If creation is good, why are there poisonous plants? St. Basil reminds us not to suppose that our stomachs are the measure of everything. What is poisonous to eat may also be a vital medicine—which is as true now as it was then.
In the rich treasures of creation, it is hard to select what is most precious; the loss of what is omitted is too severe. “Let the earth bring forth grass;” and instantly, with useful plants, appear noxious plants; with corn, hemlock; with the other nutritious plants, hellebore, monkshood, mandrake and the juice of the poppy.

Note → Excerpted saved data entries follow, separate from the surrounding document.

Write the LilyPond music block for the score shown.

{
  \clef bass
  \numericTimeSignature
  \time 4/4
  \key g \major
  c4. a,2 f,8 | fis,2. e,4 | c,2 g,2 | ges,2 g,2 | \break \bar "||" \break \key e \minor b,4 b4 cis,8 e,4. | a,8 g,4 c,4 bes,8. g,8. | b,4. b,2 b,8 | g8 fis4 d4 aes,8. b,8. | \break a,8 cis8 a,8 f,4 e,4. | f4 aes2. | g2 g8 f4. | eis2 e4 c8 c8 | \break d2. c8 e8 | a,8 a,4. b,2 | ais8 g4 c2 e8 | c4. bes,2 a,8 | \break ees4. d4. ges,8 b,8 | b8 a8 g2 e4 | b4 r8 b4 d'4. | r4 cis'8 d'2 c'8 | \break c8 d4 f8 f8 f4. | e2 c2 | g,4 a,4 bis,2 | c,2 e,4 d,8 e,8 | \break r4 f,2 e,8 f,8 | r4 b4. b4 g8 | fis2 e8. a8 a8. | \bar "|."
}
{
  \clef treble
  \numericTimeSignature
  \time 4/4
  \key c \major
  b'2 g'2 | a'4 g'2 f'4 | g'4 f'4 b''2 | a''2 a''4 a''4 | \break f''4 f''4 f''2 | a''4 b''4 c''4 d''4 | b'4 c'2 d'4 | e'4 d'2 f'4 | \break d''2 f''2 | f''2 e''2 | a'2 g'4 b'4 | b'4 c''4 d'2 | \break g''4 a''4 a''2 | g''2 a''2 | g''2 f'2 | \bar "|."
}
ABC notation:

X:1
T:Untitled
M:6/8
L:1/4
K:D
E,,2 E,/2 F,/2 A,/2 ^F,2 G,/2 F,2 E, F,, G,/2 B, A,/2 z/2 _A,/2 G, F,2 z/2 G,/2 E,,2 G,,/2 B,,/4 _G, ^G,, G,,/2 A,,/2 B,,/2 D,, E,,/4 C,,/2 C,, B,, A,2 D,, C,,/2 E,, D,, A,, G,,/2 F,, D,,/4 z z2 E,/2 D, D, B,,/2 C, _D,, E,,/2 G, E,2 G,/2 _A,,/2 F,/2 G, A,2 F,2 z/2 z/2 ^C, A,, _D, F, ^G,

Well, then, shall we show no gratitude for so many beneficial gifts, and reproach the Creator for those that may be harmful to our life? And shall we not reflect that not everything has been created in view of the wants of our bellies? The nourishing plants, which are destined for our use, are close at hand, and known by all the world.
But in creation nothing exists without a reason. One serves as food to some animal; medicine has found in another a relief for one of our maladies. There are even circumstances where poisons are useful to us; with mandrake doctors give us sleep; with opium they lull violent pain. Hemlock has often been used to appease the rage of unruly diseases; and many times hellebore has taken away longstanding disease. These plants, then, instead of making you accuse the Creator, give you a new subject for gratitude. –St. Basil, Hexameron, 5.4
IN GOD’S PRESENCE, CONSIDER . . .
When bad things happen, am I tempted to blame the Creator?
How can I grow in the belief that everything is made for a reason?
Father, you have created every blade of grass. Watch over all your creation with your unconquerable providence.